Rendez-vous Québec Cinéma
- Location: Quebec, Canada
- Founded: 1982
- Language: French
- Website: http://www.rvcq.com

= Rendez-vous Québec Cinéma =

Festival in Quebec, Canada

The Rendez-vous Québec Cinéma (formerly known as Rendez-vous du cinéma québécois) is a festival created in 1982 to celebrate the cinematographic production of Quebec, Canada.

The goal of the festival is to promote the Cinema of Quebec and its makers in order to support its culture and stimulate its industry. It previously occurred in February, formerly coinciding with the ceremony awarding the Prix Iris, but in 2025 the organization announced that the event will be moved to April beginning in 2026.

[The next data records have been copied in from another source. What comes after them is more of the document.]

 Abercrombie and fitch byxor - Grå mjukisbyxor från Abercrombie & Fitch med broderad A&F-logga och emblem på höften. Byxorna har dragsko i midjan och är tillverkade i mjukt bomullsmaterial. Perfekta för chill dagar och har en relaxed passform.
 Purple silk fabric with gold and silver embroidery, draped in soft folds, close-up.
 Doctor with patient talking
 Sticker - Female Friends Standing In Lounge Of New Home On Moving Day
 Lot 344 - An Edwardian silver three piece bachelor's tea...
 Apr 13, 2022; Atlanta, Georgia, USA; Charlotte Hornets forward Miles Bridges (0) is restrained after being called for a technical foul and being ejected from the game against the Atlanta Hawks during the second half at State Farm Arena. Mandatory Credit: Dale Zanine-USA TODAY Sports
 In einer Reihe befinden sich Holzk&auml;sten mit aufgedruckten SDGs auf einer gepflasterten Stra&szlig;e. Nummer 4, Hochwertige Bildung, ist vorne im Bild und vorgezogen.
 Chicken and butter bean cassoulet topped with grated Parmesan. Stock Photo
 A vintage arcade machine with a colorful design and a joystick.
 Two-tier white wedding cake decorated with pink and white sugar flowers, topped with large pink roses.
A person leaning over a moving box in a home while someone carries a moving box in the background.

Although it serves as the premiere venue for some films, it also provides a repeat screening for many films that were already released in the previous year, in order to ensure that the festival and its awards are presenting a thorough and representative portrait of the province's film industry.

Two editions are offered, one in Montreal and the other one in Quebec City. In Montreal, the event takes place at the Cinémathèque québécoise, the NFB Cinema and Cinéma Beaubien. In Quebec City, the Musée de la civilisation accommodates the festival.

In 2018, the Rendez-vous du cinéma québécois (RVCQ) changed its name for the Rendez-vous Québec Cinéma (RVQC), in order to confirm its affiliation with the Québec Cinéma organization, while keeping the same purpose.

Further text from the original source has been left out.